While the effects of CLAD on cellular immunity have been extensively studied, its impact on humoral immune responses remains less explored.7,10,18 No decline in preexisting humoral immunity against frequent pathogens was identified after 24 months of CLAD treatment initiation. 19 Given that plasma cells have a lifespan of several years, potential long-term effects on humoral immune memory may however become evident only with extended follow-up periods.
We conducted a longitudinal study to explore whether CLAD induces long-term changes in the humoral immunologic memory. Serum antibodies against common pathogens were monitored both before CLAD start and after up to 7 years of follow-up. Additionally, we evaluated the impact of CLAD on the ability to generate novel humoral immune responses.
Methods
Study design and patient recruitment
This observational study included 15 patients with active relapsing MS who received their first CLAD cycle between December 2017 and March 2020 at the outpatient MS clinic of the Christian Doppler University Hospital in Salzburg, Austria.
BL demographic and clinical data, including age, sex, MS disease duration, previous DMTs, and Expanded Disability Status Scale (EDSS) score, were collected before treatment initiation.

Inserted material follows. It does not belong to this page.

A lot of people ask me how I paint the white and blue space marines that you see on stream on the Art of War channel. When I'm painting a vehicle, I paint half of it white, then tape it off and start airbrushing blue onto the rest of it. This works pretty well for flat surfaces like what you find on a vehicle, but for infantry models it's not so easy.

All participants were regularly screened for signs of (opportunistic) infections, clinical deterioration, and MS relapses. Patients were recommended to perform annual MRI scans of brain and cervical spinal cord. Clinical data were collected through March 2025.
Oral CLAD was administered following the approved dosing regimen according to the manufacturer’s guidelines, consisting of CLAD tablets with a cumulative dose of 3.5 mg/kg body weight over 2 years, administered as 1.75 mg/kg/year. Each year’s treatment course is divided into two treatment weeks, one at the beginning of the first month and one at the beginning of the second month.

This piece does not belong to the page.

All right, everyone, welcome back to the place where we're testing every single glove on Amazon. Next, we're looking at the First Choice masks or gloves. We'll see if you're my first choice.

Patients were eligible for inclusion if they had a diagnosis of active relapsing MS based on the 2017 McDonald criteria, 15 were aged between 18 and 60 years, and treated with CLAD as part of routine clinical care at the Christian Doppler University Hospital between December 2017 and March 2020. Inclusion was further limited to individuals who had completed at least one treatment cycle of CLAD and for whom serum samples were available for both baseline and long-term follow-up antibody analysis. Patients were excluded if they had any concomitant autoimmune or immunodeficiency disorders, active infections at BL, or incomplete clinical or insufficient laboratory follow-up data. Furthermore, individuals with less than 24 months of follow-up were not considered eligible for the study.

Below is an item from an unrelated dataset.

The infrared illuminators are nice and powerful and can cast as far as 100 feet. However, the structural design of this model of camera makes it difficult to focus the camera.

Sample collection and antibody measurements
The study protocol involved collecting peripheral blood samples into 10 mL serum tubes (Becton Dickinson, Franklin Lakes, NJ, USA) from each patient at least two time points: At the initiation of CLAD treatment (BL) and during the last follow-up visit (long-term follow-up, LT). The blood collections at BL were conducted from December 2017 until July 2020. The final blood assessments (LT) were conducted between November 2024 and February 2025. Serum samples for LT analyses of immunoglobulins were sent to the in-house laboratory for immediate processing. For BL assessments, measurements were either performed immediately or, if unavailable, analyzed retrospectively using stored serum samples collected during the BL visits. The serum tube at BL was centrifuged for 10 min with 3000g at room temperature. Subsequently, serum aliquots were stored at −80°C for later batch processing. Antibody levels against measles, mumps, varicella-zoster virus (VZV), diphtheria toxin, tetanus toxin, rubella, and hepatitis B virus (HBV) were longitudinally measured. Additionally, we assessed levels of IgG antibodies against severe acute respiratory syndrome coronavirus 2 (SARS-CoV-2, anti-Spike IgG). For SARS-CoV-2, we used the cut-off of 264 binding antibody units/milliliter (BAU/mL), which, according to the literature, correlates with approximately 80% immunity against coronavirus disease 2019 (COVID-19). 20
Due to changes in laboratory measurement methods and/or reference values over the follow-up period, we focused on whether patients retained or lacked humoral immunity against these seven specific pathogens, and did not assess changes in pathogen-specific antibody levels. Enzyme-linked immunosorbent assay or chemiluminescent microparticle immunoassay techniques were used to measure antibody titers. The respective cut-off criteria for antibody titers were applied. Detailed information on instruments, assays, and reference values is provided in Supplemental Table 1. Total IgG concentrations were quantified using kinetic nephelometry on a Siemens BNII system (Siemens Healthineers, Erlangen, Germany) with corresponding reagents (N Antiserum against IgG; Siemens Healthineers). All laboratory analyses were performed using standard routine methods at the Department of Laboratory Medicine, which is accredited to ISO-9001 and ISO-15189 standards.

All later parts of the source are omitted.